◆ Exercise brief ◆
Gather from the material every line that contains the string "Picture".

◆ Data extracts ◆
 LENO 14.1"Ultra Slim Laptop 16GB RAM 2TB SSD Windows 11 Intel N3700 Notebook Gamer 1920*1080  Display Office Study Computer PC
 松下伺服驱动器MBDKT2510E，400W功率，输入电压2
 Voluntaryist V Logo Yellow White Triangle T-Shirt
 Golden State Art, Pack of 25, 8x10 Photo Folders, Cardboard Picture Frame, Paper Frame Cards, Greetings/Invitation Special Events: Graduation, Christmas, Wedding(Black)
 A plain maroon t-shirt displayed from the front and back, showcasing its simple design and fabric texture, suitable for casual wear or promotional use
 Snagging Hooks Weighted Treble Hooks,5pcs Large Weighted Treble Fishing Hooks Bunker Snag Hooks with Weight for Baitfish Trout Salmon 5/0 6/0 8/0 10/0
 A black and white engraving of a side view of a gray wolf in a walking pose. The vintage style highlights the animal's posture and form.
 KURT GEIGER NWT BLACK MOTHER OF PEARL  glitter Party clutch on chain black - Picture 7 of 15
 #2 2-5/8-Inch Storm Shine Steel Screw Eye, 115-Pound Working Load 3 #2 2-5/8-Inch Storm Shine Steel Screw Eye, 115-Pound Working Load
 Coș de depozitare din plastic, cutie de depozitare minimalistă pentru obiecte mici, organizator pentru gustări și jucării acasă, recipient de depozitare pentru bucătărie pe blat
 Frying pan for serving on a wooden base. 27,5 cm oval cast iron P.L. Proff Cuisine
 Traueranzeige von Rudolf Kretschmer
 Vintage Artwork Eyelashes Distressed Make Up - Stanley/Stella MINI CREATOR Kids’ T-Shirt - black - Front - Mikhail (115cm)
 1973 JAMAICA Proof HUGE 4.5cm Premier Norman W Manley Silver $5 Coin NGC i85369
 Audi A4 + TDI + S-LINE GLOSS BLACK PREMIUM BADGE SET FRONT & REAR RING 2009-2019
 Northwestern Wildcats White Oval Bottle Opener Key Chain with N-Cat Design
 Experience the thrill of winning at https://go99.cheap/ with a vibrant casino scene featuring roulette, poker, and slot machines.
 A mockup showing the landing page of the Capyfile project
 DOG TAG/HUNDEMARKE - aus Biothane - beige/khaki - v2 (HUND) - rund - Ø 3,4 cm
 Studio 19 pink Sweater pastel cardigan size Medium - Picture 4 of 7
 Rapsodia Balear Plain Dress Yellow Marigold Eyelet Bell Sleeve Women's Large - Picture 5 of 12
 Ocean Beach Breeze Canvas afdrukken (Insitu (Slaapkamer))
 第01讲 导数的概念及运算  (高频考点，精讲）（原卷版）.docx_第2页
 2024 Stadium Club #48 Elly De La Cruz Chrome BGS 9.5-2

◆ Answer to this exercise ◆
 Golden State Art, Pack of 25, 8x10 Photo Folders, Cardboard Picture Frame, Paper Frame Cards, Greetings/Invitation Special Events: Graduation, Christmas, Wedding(Black)
 KURT GEIGER NWT BLACK MOTHER OF PEARL  glitter Party clutch on chain black - Picture 7 of 15
 Studio 19 pink Sweater pastel cardigan size Medium - Picture 4 of 7
 Rapsodia Balear Plain Dress Yellow Marigold Eyelet Bell Sleeve Women's Large - Picture 5 of 12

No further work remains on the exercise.